Débat sur la constitutionnalité des procédures
Certaines organisations de la société civile, comme le Réseau arabe des informations des droits de l’homme et l’Organisation Egyptienne des Droits de l’Homme (OEDH), contestent ces nouvelles mesures, les jugeant non constitutionnelles. « Ces mesures sont anticonstitutionnelles. Le gouvernement doit préciser si elles sont prises à titre exceptionnelle ou non. Aucun pays au monde n’a recours à ce genre de mesures. La France et l’Angleterre avaient des militants en Afghanistan et n’ont pas eu recours à de telles mesures », affirme Hafez Abou-Seada, membre du Conseil national des droits de l’homme et président de l’OEDH. Même son de cloche pour Moëmen Romeih, activiste des droits de l’homme et membre du parti d’Al-Dostour. « La sécurité n’a pas le droit d’interdire aux citoyens de voyager, car seul le procureur général possède ce droit », affirme-t-il.
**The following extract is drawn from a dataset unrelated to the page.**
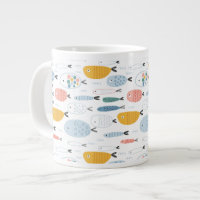Cute Doodle School of Fish Pattern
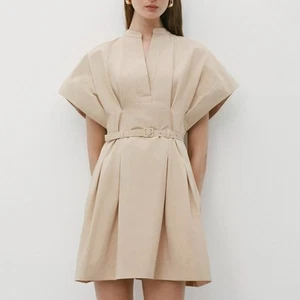 Zara tan pleated belted mini dress size medium NWT - Picture 1 of 7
Et d’ajouter que le droit de voyager et de se déplacer est un droit constitutionnel garanti à tous les citoyens. « Une personne peut être interdite de voyage dans un seul cas, à savoir si elle est recherchée pour un crime. Les mesures prises peuvent être rejetées par le Conseil d’Etat pour anticonstitutionnalité. Elles ne présentent aucune solution, car celui qui veut rejoindre Daech peut se rendre d’abord dans n’importe quel pays en dehors des pays interdits, puis aller en Iraq ou en Syrie ».
Pour d’autres, cependant, ces mesures sont conformes à la loi. Pour le professeur de droit international, Ayman Salama, l’Etat a le droit, en vertu du droit international, de prendre les mesures qu’il trouve nécessaire pour préserver la sécurité nationale. « L’Etat n’est pas obligé d’informer la population des motifs et des objectifs des nouvelles mesures », explique Salama. Hassan Badrawi, ancien président de la Cour de cassation, pense, lui, que l’Egypte est « en état de guerre contre le terrorisme et sa sécurité nationale est menacée ». « Dans de telles conditions, ces procédures sont constitutionnelles, parce qu’elles ne violent pas le droit de voyager, mais le régissent pour protéger le pays ». Le gouvernement exigeait jusqu’aux années 1970 aux fonctionnaires une autorisation spéciale avant de partir à l’étranger, qui était appelée le « certificat jaune », mais la Cour administrative suprême a annulé cette mesure, car contraire à la Constitution de 1971.